A proof of concept in GNU SETL

I recently picked up GNU SETL: a wonderful implementation of a set based language from the 1960s. It makes for a convenient language with which to prototype a small example of the scheme above. SETL reads a lot like formal set theory, so it should still be possible to follow along even if it is unfamiliar to you.

The whole code can be found here.

Problem statement: you are given the following information.

$ Global variables.
var 
  dom := {false,true},
  X   := {[a,b,c,d,e]: a in dom, b in dom, c in dom,
          d in dom, e in dom};

$ Information.
up1 := {[{[a,b,c,d,e] in X| a or b}, 0.7],
        [X, 0.3]};
up2 := {[{[a,b,c,d,e] in X| b or c}, 0.5],
        [X, 0.5]};
up3 := {[{[a,b,c,d,e] in X| b and d and e}, 0.8],
        [X, 0.2]};
up4 := {[{[a,b,c,d,e] in X| c and e}, 0.9],
        [X, 0.1]};

The task is to calculate belief and plausibility for the following sets.

$ Queries.
q1 := {[a,b,c,d,e] in X| b};
q2 := {[a,b,c,d,e] in X| c};
q3 := {[a,b,c,d,e] in X| d or e};
qs := [q1,q2,q3];

Lets define a Dempster’s rule operator, and belief and plausibility calculation procedures.
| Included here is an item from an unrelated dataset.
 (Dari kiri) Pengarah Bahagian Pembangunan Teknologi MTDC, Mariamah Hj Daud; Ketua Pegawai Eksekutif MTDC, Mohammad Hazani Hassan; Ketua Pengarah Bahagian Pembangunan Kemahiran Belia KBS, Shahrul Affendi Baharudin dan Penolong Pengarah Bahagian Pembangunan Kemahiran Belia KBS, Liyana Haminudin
$ Procedures and operators.

proc fuse(a, m1, m2);
  k := +/[p1*p2: [b,p1] in m1,[c,p2] in m2| b*c={}] ? 0;
  m := +/[p1*p2: [b,p1] in m1,[c,p2] in m2| b*c=a] ? 0;
  return [a, m/(1-k)];
end;

op dempster(m1,m2);
  X_ := {fuse(b*c,m1,m2):
         [b,p1] in m1, [c,p2] in m2};
  return {[a,p] in X_| p>0};
end;

proc belief(q, m);
  return +/ [p: [a,p] in m| a subset q] ? 0;
end;

proc plause(q, m);
  return +/ [p: [a,p] in m| a*q/={}] ? 0;
end;

Lets combine the information using Dempster’s rule.
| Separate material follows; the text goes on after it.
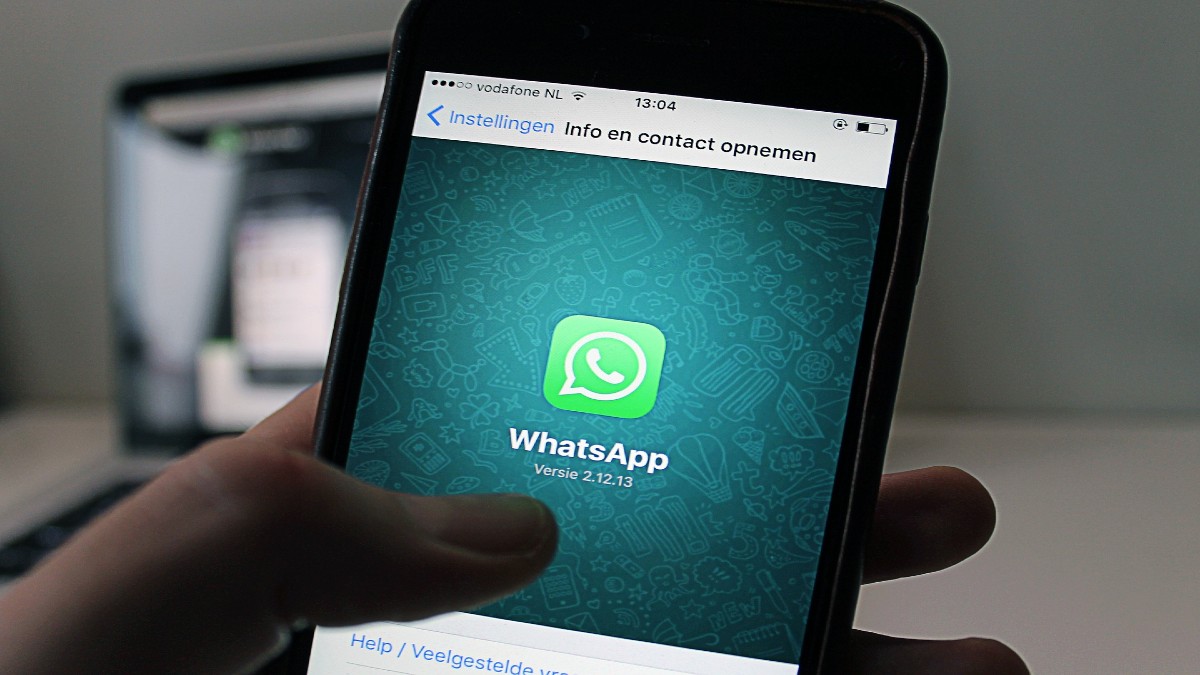 Nuove regole WhatsApp: cosa cambierà da febbraio?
m_star := dempster/ [up1,up2,up3,up4];

Lets calculate the belief and plausibility for the queries.

(for i in [1..3])
  print('q', i, ', Belief', belief(qs(i), m_star),
        ', Plausibility', plause(qs(i), m_star));
end;

> q 1 , Belief 0.8 , Plausibility 1
> q 2 , Belief 0.9 , Plausibility 1
> q 3 , Belief 0.98 , Plausibility 1

An elegant solution; as required.

In the wild, DS is used for “sensor fusion”; a kind of task in which many sensors report overlapping beliefs about the same state of affairs, and the task is to combine them into an overall belief. I had not realised that DS theory would make for such a portable metaphor, so I am pleased to have discovered it.

A Frequentist solution

For completeness, here is a Frequentist solution in principle. Start with a probability on each member \(P(x_i=1) = p_0\). When given information, change the probabilities on the members implicated by the information to be compatible with it. This is non-identifiable in the general case because many assignments may be compatible with the information, so we can simulate, aiming to generate a representative random sample from the space of valid probability assignments. Each concrete assignment allows us to calculate \(P(Q \subset X \mid \dots)\), therefore at any given \(t\), we are able to produce \(\mathbb{E}_t\big\{ P(Q \subset X\mid \dots )\big\}\) – and confidence intervals – having used all available information as simulation constraints.

The main issue with this method for me is that it lacks elegance, but secondly, for non trivial state spaces, it will likely be computationally expensive if not intractable.